Horror, only beautiful

This is a tale of Exchange services. As in Microsoft Exchange. Sorry about that.

Apart from yer bog-standard SMTP I've only used Exchange as a corporate email solution, with Outlook as my client. Which enables you to do some fairly cool stuff. My favourite being voting buttons at the top of emails. "Here's some stuff, do you agree or not. Speak now (easily) or forever hold your peace."

And then there's the return-receipt. Email's had that for ages, but doesn't quite have the 'liveness' of watching Exchange, which is speedy enough that you can almost use it like instant messenger. You can use that to find out whether people have read the bad news email you just sent them.

Another cool feature is the 'message preview' facility. It won't send a return-receipt, but it will show you the first few lines of that email, so you can find out what they said in reply. Before you open it and are then forced to officially react.

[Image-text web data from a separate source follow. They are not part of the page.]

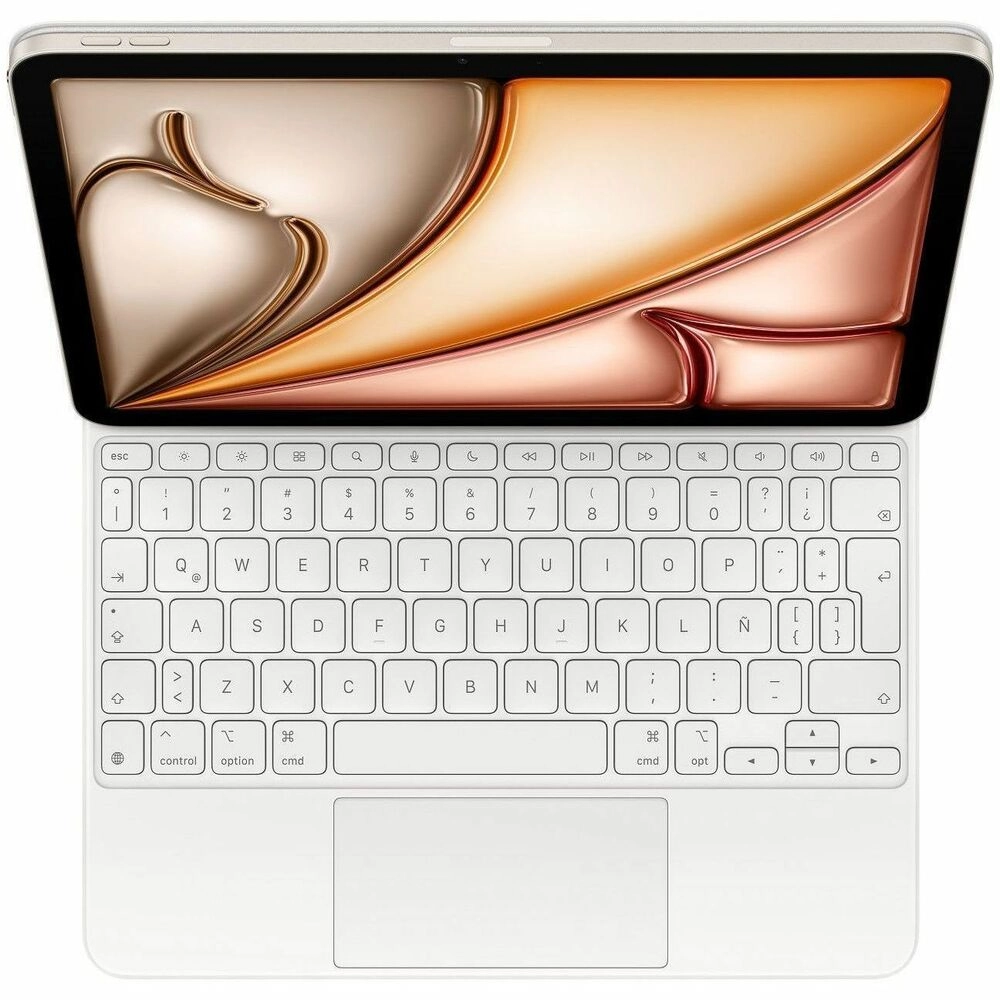 apple-magic-keyboard-ipad-air-11-teclado-trackpad-5.webp Apple Magic Keyboard iPad Air 11" Blanco con Trackpad y USB-C Español - Imagen 5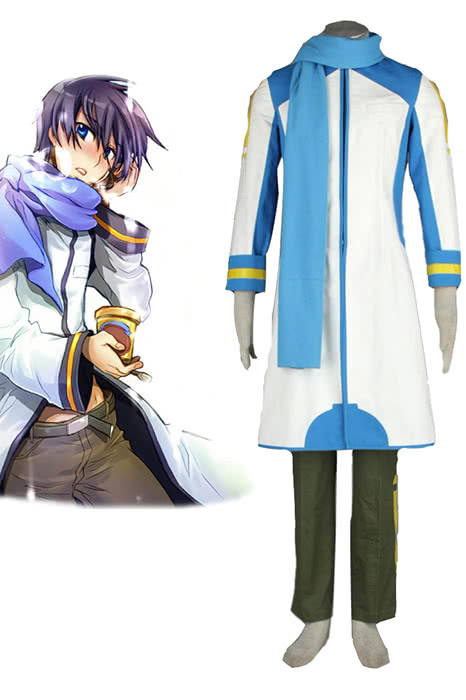 Vocaloid kaito Cosplay Costume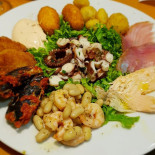 Pizzeria Pulcinella food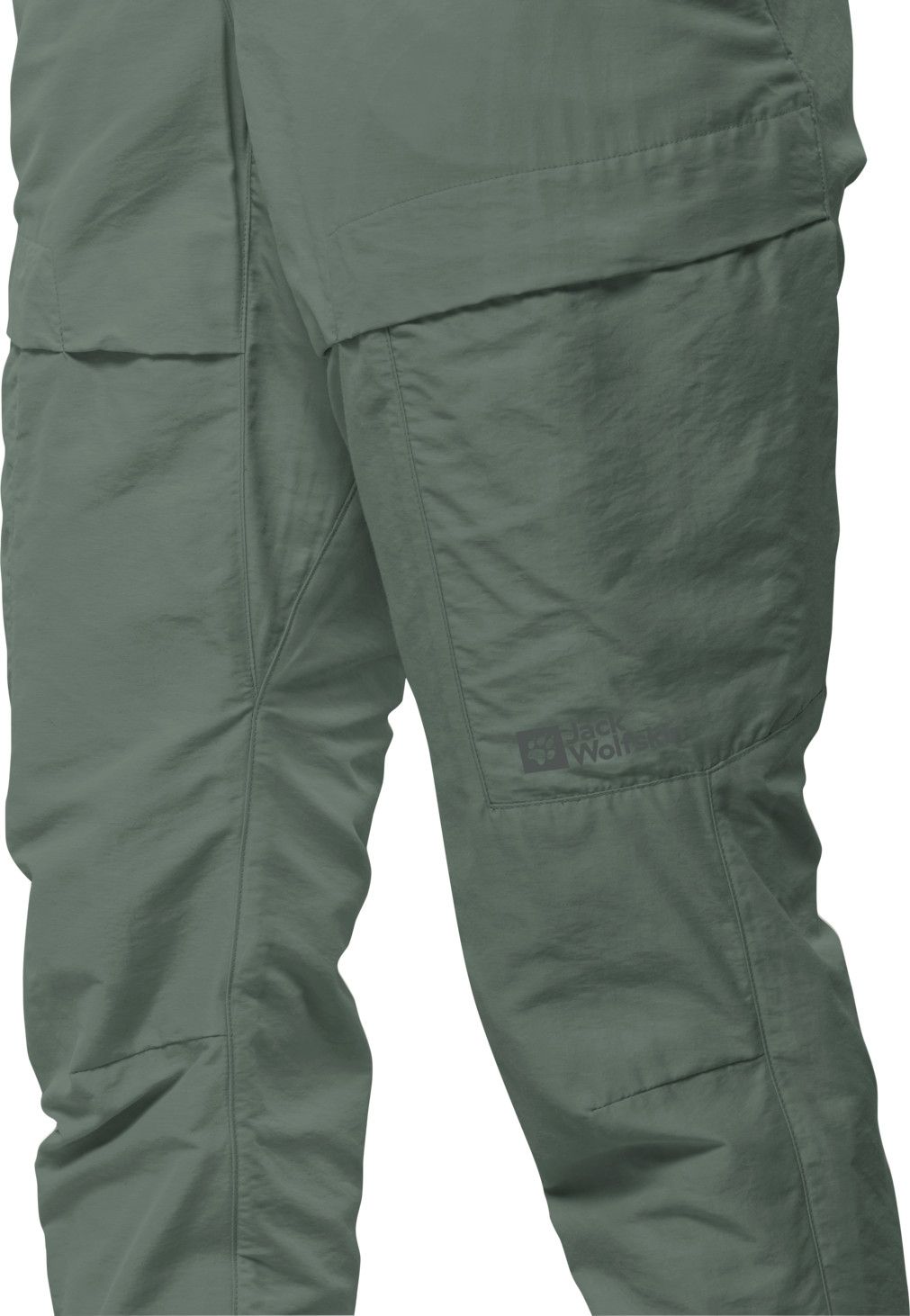 Jack Wolfskin Women's Barrier Pant Hedge Green
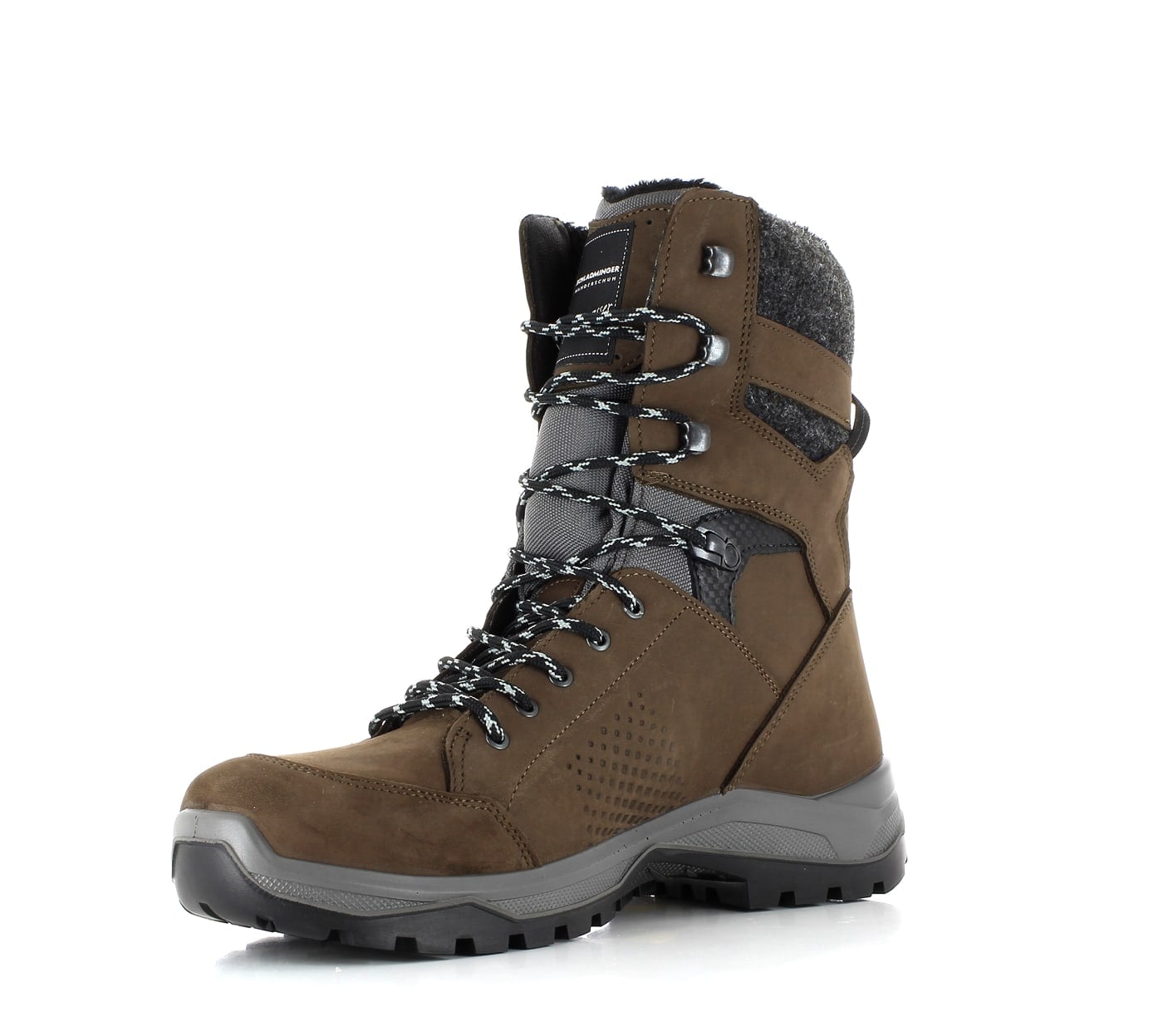 Schladminger Winterschuhe Art. Preunegg Men Ice braun – Bild 5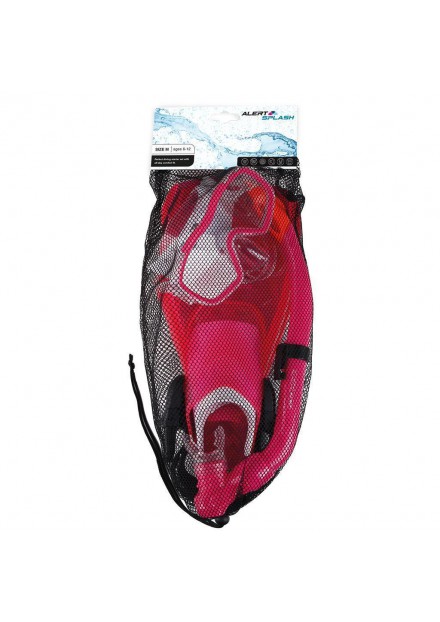 SPLASH DUIKSET 6-12 JAAR MAAT M  rose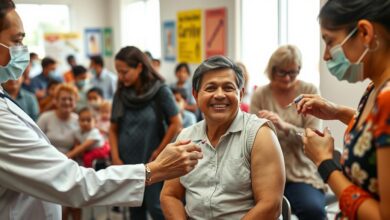 Peran Vaksinasi dalam Mencegah Penyakit Musiman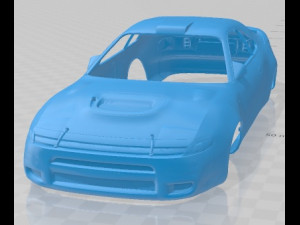 Toyota Celica ST185 4WD Turbo 1992 Printable Body Car 3D Print Model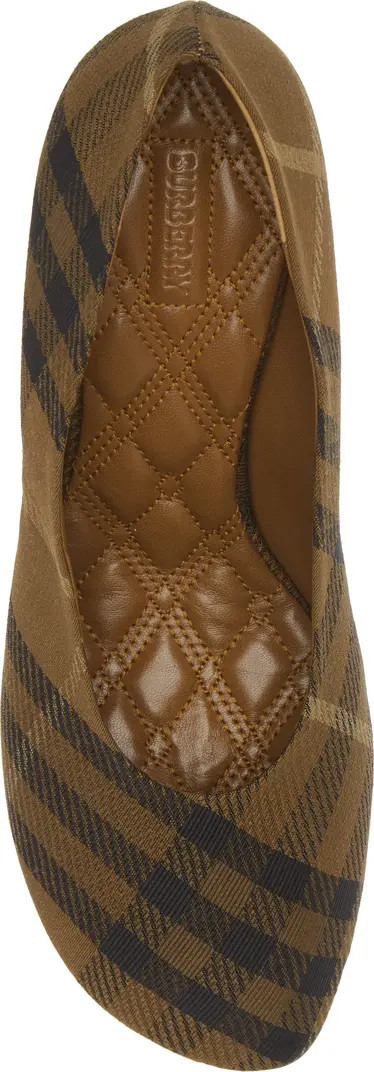 Baby Check Knit Pump (Women) | Nordstrom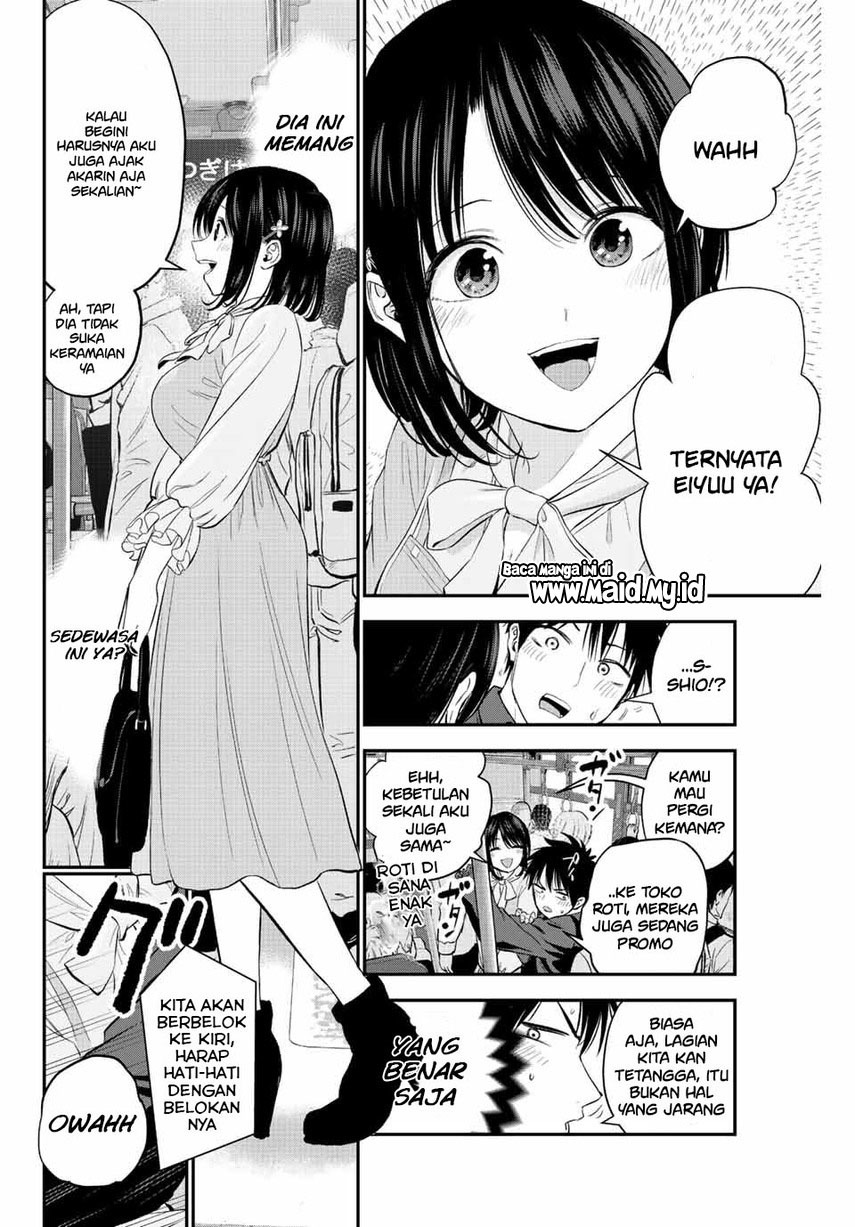 Osananajimi to wa Rabukome ni Naranai Chapter 04 Gambar 4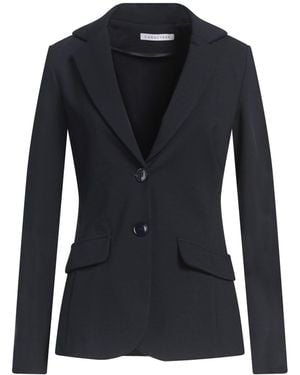 Caractere Midnight Blazer Viscose, Polyamide, Elastane - Black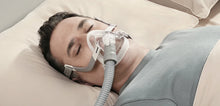 Load image into Gallery viewer, AmeriFlex Comfort Series 4-Point Full Face Mask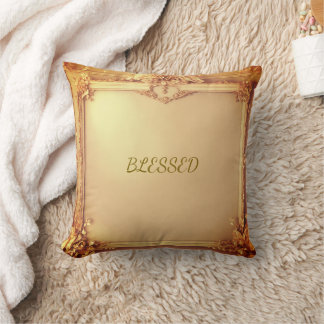 Coussin Bienheureux Design Moderne Anglais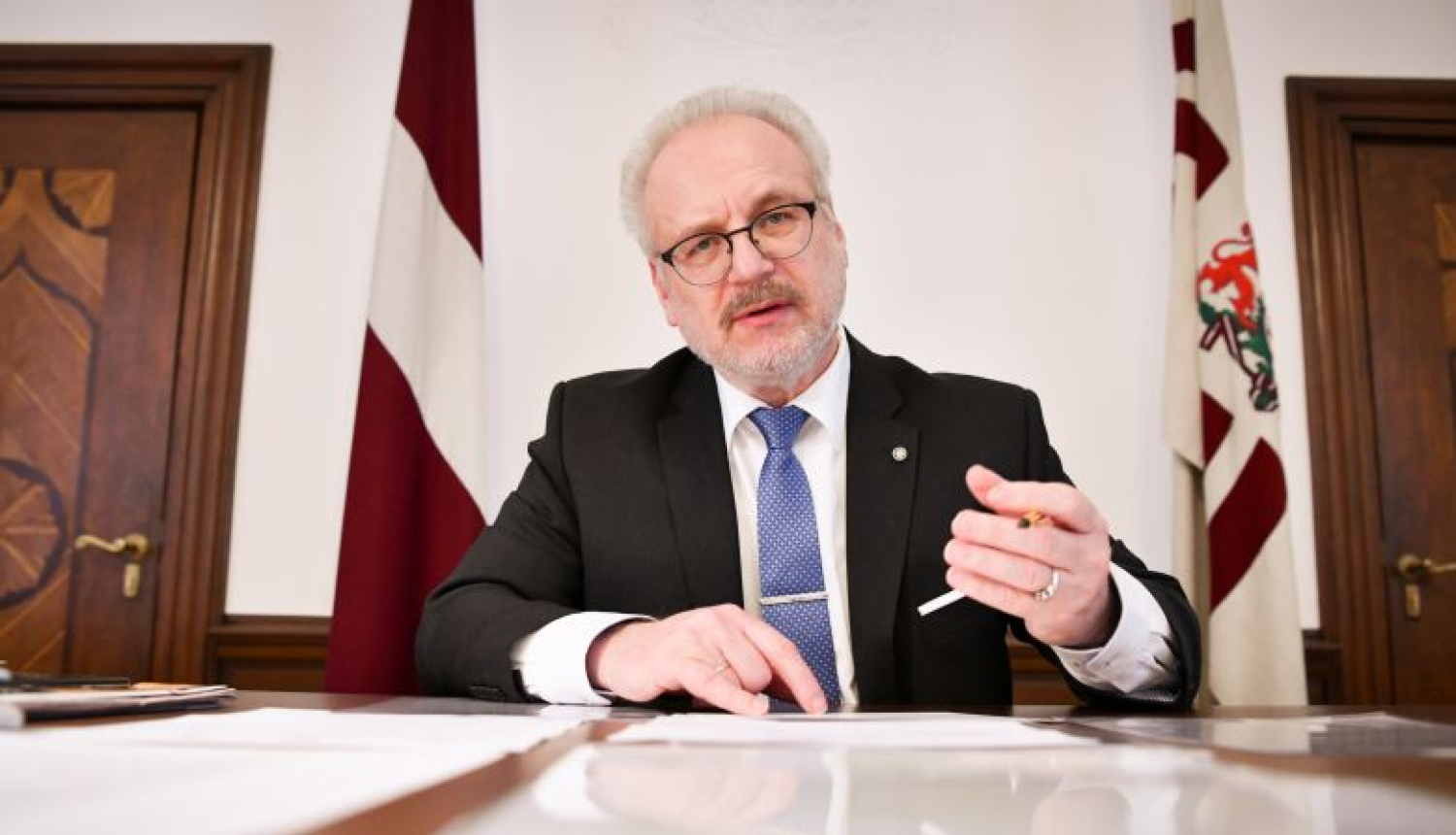 Valsts prezidents aicina veikt papildinājumus likumprojektā “Grozījumi Elektronisko plašsaziņas līdzekļu likumā”, lai stiprinātu Latvijas informatīvo telpu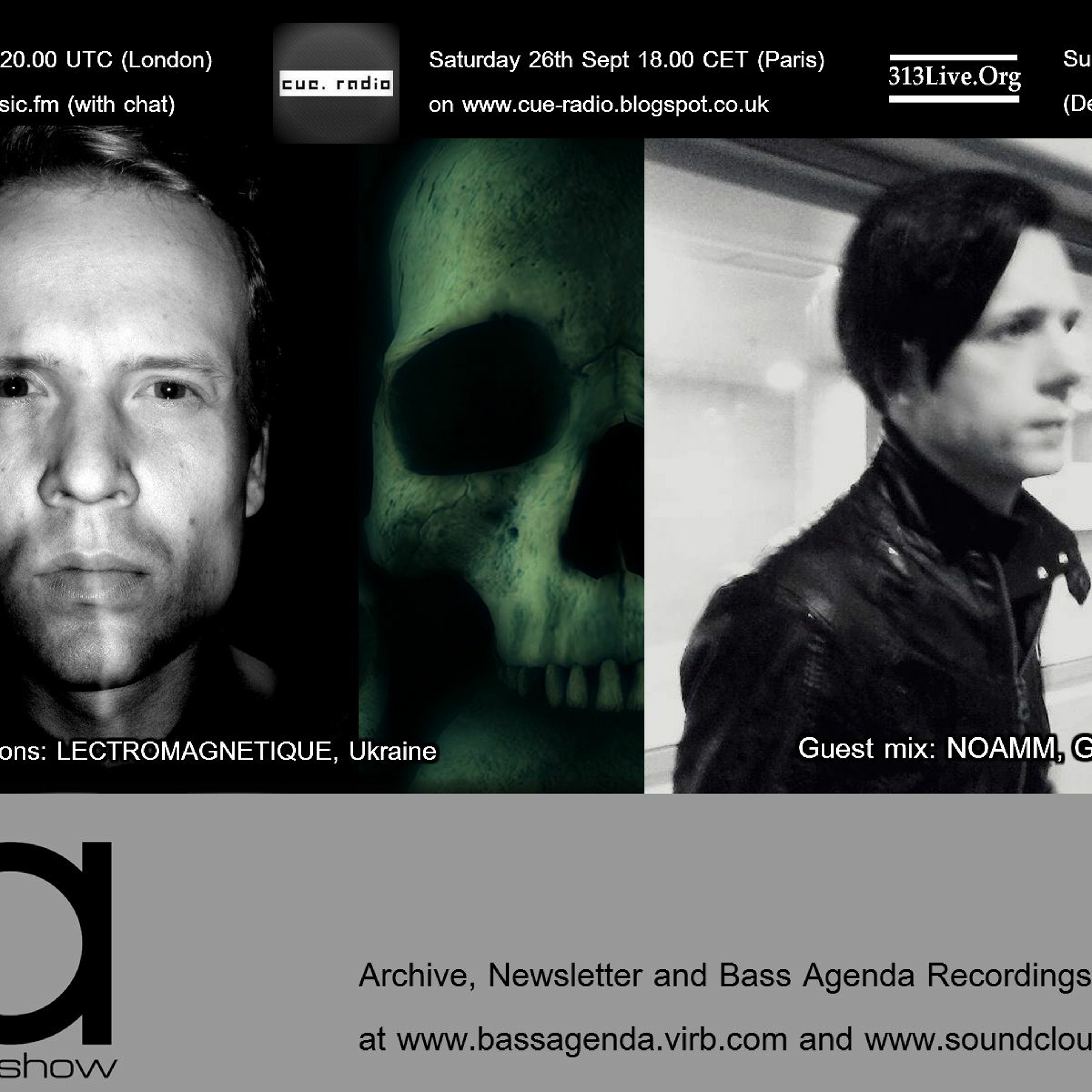 Bass Agenda 112: Interview & selections from Lectromagnetique & Mix by Noamm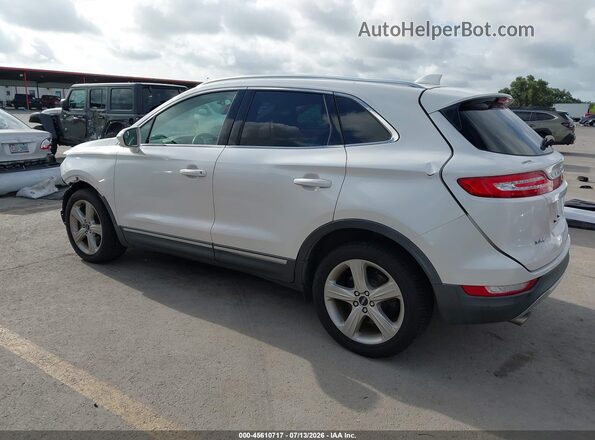 5LMCJ1D98HUL32483 2017 LINCOLN MKC Белый Задняя левая четверть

All beautiful. And useful. But fundamentally administrative. So you may question why I'm talking to you about it on what is normally a fairly drippy and self-centred blog - ostensibly about technology, but only as an excuse for me to whinge about stuff AGAIN.

And so, today I had to send out the invitation to my work leaving do. Invited about 70 people. Thought about 30-40 might turn up. Bit fretful about whether the venue was going to be the right size, so put 'Yes/No/Maybe' buttons at the top. Took a deep breath. Pressed send.

And then it started. In real time watching this sea of 'read' 'read' 'read' coming back. It's hard not to judge yourself at moments like this. Are you an arse people tolerate or not?

And then... 'yes' 'yes' 'yes'. Phew - I might be okay. Those people cared enough that they would click on a button.

Damn. A 'no'. Oh, but look at the message preview "Sorry, on hols." etc etc. That's alright. Out of their control, and could be bothered to say why.

After which it started. A sea of 'Yes' replies, all with comments. "I can't believe this day has come" "What is the world coming to eh?" "Hope you'll be back in no time at all" "A tragic loss". All that emotion, all that care, slowly scrolling up my screen. I didn't want to even open a single one at that stage - I just sat, surfing the emotions of other people at the fact I was leaving.

It was like watching a traincrash in slow motion.

Horrible, fascinating, and kind of beautiful.